From the recent news that coffee appears to lower the risk of liver cancer to evidence that it may protect the heart, lower inflammation, and even prevent diabetes, the drink of drinks is becoming a bona fide health food, one that’s beneficial to our bodies in all kinds of ways that matter.

That’s great news for us coffee fanatics—frankly, we’d have been happy just to find out that all those beans we’ve been brewing don’t come with any serious side effects. But discovering that coffee is actually good for us? That’s icing on the coffee cake.

And it’s a good thing, too, because the ways we all too often prepare the only beverage that matters often conspire to make the coffee we savor less than medicinal. Here’s how to pour a healthier cup:

  • Buy better beans. The quality of your coffee has everything to do with nutrition. “Artisan” beans (like ours!) are obtained from superior growers. They’re mold-free, fresh-roasted in small batches, and delivered to consumers quickly, all of which preserves their nutritional profile. They taste better, too, which means your coffee needs less unhealthy help.
  • Go organic. Conventional coffee is exposed to multiple pesticides—the typical farm applies upwards of 250 pounds of these toxic chemicals per acre, and nobody needs the residues they can leave behind in their java.
  • Skip the sugar. There are 16 calories in every teaspoon and refined sugar causes unhealthy blood spikes. If your coffee is too bitter without sugar, try a lighter roast (see below) or cold-brewed coffee, a brewing method that produces a much less acidic result. Can’t live without sweetening? Try stevia, a natural non-glycemic sweetener, or xylitol, a natural alcohol sugar found in fruits and vegetables. Another option is agave syrup. Though high in fructose, it rates low on the glycemic index and offers more sweet for fewer calories than sugar. 
  • Cut the creamer. Two tablespoons of half-and-half have about 40 calories that can add up fast. Again, if bitterness is the issue, try a lighter roast or cold-brewed. Low-fat milk is a better option as are almond, soy, or cashew milks, which add creaminess without calories. Forget non-dairy creamers—they’re just chemical concoctions that have no place in a proper cup. 

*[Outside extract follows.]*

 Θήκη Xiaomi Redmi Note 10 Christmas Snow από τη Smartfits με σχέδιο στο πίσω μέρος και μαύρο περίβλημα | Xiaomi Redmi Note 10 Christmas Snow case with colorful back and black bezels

  • Pass it through paper. Coffee contains diterpenes, substances which aren’t good for our cholesterol. Paper filters will trap these compounds and remove them your coffee. So no matter how it’s prepared, filter yours through paper before serving.

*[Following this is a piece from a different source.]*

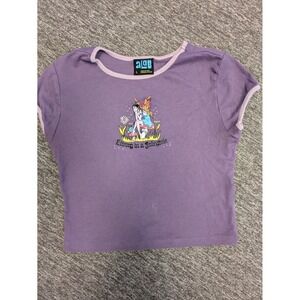 aLAB Purple Fairy Graphic Baby Tee Short Sleeve Juniors Large Y2K Fairycore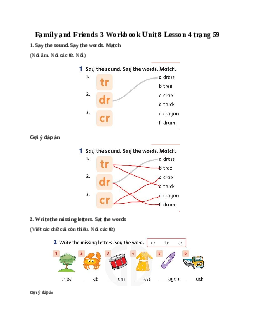 Family and Friends 3 Workbook Unit 8 Lesson 4 trang 59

  • Lighten up. The darker the roast, the more those beans have been literally burned, and the more they’re burned, the fewer healthy antioxidant polyphenols and other nutrients they contain. Lighter roasts preserve these healthy components.
  • Stash it don’t trash it. Store your beans, not in the fridge or freezer, (where cold will cause damaging moisture to condense on them whenever they’re exposed to air), but in an airtight, lightproof container kept in a cool dark place. Buy in small batches and use your beans quickly before age takes its toll.